Second, you have to specify if there are quotes in your file or not
*(If you are using the demo dataset, this is not a requested parameter.)*:

The default is *none*, meaning that there is no __*"*__ or __*'*__ characters in your file.
If you select the appropriate quote, then you will be able to:

* check if your file does have a __header__ and __row names__.
* select the appropriate __separator__ field. Default is semicolon (__*";"*__)

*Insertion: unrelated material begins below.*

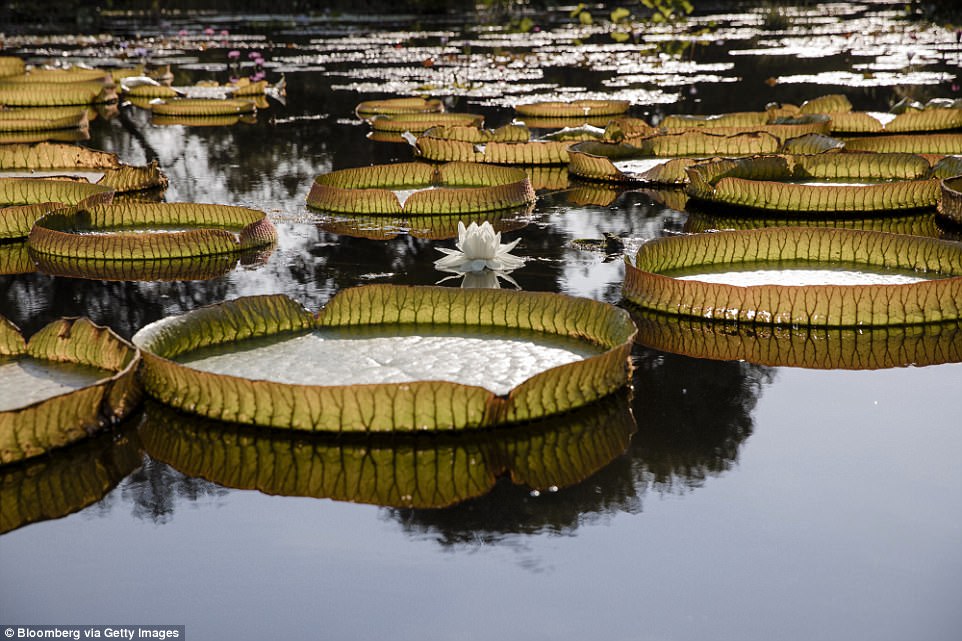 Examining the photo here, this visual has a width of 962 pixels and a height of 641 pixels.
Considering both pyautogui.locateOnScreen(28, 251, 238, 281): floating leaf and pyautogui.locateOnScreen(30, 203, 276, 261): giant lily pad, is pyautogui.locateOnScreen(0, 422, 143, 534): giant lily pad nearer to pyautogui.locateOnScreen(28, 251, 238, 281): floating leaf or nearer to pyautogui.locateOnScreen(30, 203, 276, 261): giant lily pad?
pyautogui.locateOnScreen(28, 251, 238, 281): floating leaf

Then, you can select one of the variables that you want to use as the grouping
factor for WPM.  
This column will be renamed "Group" in the final dataset.

![Choose the grouping factor](images/groupVariable.PNG)

The names you give to columns in your CSV file do not matter, because the WPM will create
a new dataset having 3 fields: _"Sample"_ , _"Group"_ and _"ID"_.

You will see your dataset on the right hand side of the window, as well as another dataset 
which will be used by WPM to generate the map(s).   
Each sample is assigned a unique ID, which will be used to name it
onto the plate maps (for more details on the ID see the [Results section](#results_panel) ).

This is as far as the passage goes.